VCIP has gained a lot of attention majorly from the banking and financial institutions. They experienced an increase in productivity and speeding up the process due to minimal intervention of humans.

Video KYC leverages the video call technology in onboarding the customers via video KYC authentication which has proved to be the most significant development in the field of KYC. It is a simple, seamless and scalable process by which the institutions can acquire customer details and documents before onboarding them. This is a reliable system which uses AI-enabled technology that helps in the prevention of fraud and checking errors.  

Steps in Video-KYC Process

Video-KYC is the game-changer for the industry, cutting down the extensive time-consuming process of document examination from a few days to a couple of minutes.

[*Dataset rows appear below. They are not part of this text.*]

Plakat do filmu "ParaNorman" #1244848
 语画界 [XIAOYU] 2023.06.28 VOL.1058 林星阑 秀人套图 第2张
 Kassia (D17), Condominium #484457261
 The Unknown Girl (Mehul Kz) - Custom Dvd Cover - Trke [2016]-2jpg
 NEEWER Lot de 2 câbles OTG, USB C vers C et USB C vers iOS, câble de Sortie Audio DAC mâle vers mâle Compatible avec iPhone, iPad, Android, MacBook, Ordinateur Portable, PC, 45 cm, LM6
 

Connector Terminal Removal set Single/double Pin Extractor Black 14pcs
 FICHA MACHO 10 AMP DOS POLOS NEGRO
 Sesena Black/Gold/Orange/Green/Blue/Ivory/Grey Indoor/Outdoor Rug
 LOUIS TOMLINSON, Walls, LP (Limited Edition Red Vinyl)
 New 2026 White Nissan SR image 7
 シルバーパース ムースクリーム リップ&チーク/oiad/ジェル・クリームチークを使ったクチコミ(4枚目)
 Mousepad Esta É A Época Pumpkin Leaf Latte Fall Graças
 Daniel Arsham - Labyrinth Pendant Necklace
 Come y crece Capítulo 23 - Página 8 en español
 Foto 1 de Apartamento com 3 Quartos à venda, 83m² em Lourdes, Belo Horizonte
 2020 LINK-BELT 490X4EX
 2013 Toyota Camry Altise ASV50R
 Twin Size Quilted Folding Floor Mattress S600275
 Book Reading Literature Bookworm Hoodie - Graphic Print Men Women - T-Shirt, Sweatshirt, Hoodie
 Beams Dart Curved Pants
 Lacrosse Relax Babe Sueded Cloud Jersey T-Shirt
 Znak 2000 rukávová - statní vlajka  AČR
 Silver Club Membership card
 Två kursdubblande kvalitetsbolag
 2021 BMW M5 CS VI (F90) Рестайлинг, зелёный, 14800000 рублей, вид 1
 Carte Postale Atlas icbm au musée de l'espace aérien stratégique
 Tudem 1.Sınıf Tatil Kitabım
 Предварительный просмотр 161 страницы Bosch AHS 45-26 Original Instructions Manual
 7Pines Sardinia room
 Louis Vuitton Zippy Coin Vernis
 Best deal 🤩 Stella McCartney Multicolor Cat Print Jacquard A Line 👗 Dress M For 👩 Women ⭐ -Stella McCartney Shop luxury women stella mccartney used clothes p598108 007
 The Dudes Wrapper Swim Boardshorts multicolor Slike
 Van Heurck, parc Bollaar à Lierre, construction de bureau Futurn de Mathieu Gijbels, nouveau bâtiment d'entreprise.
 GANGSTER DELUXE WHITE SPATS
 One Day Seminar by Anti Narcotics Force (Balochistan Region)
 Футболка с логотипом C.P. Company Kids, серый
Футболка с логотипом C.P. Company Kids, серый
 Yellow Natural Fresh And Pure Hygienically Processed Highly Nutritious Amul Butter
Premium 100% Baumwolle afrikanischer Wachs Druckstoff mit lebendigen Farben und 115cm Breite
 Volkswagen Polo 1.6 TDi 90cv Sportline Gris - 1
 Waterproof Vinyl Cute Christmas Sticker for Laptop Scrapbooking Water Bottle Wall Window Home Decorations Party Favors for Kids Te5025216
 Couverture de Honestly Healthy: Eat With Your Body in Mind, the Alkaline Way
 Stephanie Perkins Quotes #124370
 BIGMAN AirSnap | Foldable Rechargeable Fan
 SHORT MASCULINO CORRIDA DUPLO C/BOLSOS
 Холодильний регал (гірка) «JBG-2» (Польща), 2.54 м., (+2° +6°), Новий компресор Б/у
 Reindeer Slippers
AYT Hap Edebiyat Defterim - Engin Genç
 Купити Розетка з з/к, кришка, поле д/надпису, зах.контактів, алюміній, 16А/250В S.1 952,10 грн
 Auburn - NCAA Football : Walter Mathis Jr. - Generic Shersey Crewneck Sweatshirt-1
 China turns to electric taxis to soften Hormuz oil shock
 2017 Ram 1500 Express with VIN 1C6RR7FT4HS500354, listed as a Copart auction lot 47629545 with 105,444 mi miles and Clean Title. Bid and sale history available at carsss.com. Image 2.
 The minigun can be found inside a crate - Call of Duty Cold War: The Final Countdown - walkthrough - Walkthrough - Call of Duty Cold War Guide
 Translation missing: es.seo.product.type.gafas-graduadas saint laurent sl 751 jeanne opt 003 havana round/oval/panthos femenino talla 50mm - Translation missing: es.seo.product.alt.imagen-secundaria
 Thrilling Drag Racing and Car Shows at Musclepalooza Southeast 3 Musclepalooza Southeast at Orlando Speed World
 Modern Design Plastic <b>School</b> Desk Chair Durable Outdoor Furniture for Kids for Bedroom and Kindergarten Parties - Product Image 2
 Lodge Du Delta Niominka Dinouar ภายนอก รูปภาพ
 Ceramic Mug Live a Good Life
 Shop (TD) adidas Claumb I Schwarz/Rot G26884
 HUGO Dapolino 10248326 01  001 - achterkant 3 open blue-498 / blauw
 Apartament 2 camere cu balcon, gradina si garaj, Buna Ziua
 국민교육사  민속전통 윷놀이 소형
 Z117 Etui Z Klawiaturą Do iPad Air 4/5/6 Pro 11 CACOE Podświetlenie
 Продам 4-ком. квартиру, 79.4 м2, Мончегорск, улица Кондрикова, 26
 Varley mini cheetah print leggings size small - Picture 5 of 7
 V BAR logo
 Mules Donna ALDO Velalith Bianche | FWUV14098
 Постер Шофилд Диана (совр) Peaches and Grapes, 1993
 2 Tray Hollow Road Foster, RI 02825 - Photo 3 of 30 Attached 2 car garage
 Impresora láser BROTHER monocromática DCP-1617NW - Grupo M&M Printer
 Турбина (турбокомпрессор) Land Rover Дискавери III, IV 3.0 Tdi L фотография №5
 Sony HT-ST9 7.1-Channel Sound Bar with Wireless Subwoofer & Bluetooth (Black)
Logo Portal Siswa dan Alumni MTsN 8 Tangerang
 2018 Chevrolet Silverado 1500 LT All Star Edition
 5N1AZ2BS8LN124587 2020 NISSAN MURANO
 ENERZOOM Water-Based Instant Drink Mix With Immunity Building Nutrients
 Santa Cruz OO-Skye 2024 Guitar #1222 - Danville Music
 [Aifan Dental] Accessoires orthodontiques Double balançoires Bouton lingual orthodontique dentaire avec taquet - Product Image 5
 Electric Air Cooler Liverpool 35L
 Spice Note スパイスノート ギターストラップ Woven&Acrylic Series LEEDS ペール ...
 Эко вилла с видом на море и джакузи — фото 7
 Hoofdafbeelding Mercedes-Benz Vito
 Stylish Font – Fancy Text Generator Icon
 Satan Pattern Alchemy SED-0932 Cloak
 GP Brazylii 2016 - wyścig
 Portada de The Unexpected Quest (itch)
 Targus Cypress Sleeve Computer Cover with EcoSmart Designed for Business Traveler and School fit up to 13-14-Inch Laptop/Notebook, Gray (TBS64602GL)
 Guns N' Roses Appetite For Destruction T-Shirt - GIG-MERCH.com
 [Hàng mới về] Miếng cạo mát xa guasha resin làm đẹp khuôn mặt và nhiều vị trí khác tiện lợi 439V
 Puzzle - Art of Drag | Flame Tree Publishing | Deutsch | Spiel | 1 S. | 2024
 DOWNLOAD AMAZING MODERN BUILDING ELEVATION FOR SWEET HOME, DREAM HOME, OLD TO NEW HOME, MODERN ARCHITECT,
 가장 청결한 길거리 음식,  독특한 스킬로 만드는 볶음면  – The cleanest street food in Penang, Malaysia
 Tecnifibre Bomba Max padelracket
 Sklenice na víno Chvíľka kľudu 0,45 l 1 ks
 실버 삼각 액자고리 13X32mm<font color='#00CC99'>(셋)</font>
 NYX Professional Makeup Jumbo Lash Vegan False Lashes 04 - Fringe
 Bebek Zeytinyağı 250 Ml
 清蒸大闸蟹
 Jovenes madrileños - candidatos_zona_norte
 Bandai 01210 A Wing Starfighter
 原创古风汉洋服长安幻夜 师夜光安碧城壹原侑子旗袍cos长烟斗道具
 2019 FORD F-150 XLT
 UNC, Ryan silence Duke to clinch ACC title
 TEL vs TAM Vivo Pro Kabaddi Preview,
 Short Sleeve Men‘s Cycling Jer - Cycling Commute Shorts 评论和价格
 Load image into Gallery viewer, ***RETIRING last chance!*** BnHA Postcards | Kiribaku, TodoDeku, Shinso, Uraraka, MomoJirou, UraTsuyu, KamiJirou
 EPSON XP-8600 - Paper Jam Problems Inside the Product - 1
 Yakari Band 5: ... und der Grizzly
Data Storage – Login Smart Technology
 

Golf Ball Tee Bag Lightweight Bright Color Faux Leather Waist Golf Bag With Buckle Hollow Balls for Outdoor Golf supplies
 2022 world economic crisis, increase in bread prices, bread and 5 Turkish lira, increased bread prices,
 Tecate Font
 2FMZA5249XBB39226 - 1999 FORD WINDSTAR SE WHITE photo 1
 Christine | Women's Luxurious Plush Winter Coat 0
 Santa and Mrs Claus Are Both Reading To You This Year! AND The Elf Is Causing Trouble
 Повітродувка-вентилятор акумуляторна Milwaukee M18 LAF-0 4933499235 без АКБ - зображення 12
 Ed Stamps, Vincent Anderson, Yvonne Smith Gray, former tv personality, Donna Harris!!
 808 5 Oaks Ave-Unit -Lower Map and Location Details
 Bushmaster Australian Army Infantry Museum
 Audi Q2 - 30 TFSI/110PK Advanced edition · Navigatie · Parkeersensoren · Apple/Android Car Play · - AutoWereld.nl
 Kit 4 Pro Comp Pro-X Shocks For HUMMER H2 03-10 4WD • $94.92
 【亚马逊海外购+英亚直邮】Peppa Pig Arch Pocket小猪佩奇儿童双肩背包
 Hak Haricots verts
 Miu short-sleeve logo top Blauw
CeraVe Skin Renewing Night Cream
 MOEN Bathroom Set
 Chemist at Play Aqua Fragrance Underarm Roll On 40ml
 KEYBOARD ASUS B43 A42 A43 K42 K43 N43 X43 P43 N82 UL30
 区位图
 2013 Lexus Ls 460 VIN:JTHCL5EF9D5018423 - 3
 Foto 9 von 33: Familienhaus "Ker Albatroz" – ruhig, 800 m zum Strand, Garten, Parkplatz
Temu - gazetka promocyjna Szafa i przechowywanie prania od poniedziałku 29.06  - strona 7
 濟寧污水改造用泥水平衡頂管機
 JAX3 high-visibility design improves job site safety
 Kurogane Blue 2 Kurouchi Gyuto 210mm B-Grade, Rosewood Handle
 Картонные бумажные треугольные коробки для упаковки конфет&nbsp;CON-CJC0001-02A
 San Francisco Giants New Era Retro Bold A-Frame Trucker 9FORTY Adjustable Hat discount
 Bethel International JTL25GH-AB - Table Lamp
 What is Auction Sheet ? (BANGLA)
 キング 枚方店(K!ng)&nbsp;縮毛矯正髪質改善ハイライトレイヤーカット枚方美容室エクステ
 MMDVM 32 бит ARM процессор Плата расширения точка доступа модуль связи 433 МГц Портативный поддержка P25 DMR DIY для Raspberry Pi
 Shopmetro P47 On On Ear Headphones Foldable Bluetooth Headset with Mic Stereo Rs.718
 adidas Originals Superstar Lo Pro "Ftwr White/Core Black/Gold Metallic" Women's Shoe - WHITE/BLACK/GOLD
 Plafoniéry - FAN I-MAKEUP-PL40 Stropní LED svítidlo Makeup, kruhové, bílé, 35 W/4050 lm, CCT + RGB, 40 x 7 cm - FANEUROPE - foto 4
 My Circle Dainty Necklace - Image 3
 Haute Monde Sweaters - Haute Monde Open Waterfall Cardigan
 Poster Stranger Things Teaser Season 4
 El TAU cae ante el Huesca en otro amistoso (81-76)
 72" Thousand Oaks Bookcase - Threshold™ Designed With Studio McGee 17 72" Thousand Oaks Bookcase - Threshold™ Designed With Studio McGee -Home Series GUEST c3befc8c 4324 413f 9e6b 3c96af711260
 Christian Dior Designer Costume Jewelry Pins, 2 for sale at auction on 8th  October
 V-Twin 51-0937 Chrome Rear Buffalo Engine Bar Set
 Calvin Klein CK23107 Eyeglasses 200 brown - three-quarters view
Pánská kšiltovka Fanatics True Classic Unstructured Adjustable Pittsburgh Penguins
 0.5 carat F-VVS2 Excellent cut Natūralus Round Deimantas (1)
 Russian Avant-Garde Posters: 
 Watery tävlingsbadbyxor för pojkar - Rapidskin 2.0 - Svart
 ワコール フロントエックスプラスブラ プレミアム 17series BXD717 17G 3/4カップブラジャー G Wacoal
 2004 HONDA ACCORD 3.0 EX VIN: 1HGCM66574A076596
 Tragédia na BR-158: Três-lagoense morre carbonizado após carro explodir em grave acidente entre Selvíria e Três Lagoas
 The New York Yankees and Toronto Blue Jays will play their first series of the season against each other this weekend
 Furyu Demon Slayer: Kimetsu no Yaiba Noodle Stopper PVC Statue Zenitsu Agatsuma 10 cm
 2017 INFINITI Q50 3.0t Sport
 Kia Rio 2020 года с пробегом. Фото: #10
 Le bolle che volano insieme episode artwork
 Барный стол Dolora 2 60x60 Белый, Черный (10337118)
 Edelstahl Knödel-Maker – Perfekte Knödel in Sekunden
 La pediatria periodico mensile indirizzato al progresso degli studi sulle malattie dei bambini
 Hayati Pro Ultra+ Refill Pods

This involved the following, hassle-free steps to be performed by the customers – 

  • Registering and filling up the details on the online form on the website or mobile app of the Regulated entities (RE).

  • Consent to be obtained from the customers to fetch Aadhaar details, PAN number and other official documents to conduct E-verification. Meanwhile, allowing the bank to access the real-time location of the customer using geotagging software.

  • Scheduling a date and time for the customer onboarding process where banks send a link to the customers to the webpage for video call.

  • The bank official initiates the conversation by asking to display the documents on the video call. The software will grab the details from the documents and verify it with the uploaded documents. 

  • Using the facial recognition technology, the bank will verify the customer on the video call with the photograph on the documents.

  • The bank official will ask randomized questions as per the banks’ internal policy to ensure it a live interaction.

  • After assessing the answers, the bank official will decide whether the customer application should be approved or disapproved. Also, the video call interaction is stored by the official to ensure non-repudiation.

 

The technology used in Video-KYC is a robust, secured and encrypted to prevent data leak which, otherwise, might be a data privacy concern. Each and every step in Video-KYC is done in real-time using AI-enabled techniques of automated data extraction, machine learning and face matching. 

 The Benefits of Video KYC

  • This type of KYC verification process drastically reduces customer onboarding costs.

  • Streamlines the complex process through automation using Artificial Intelligence.

  • Helps to detect frauds and malicious activity and safeguards the investors.

  • Keep a check on criminal activities majorly money laundering

  • Cost-effective technology involving minimal paperwork

 

Video-KYC is monumental but just a mere step in the financial sector, furthermore, developing an impeccable experience in e-commerce, telecom and networking industry.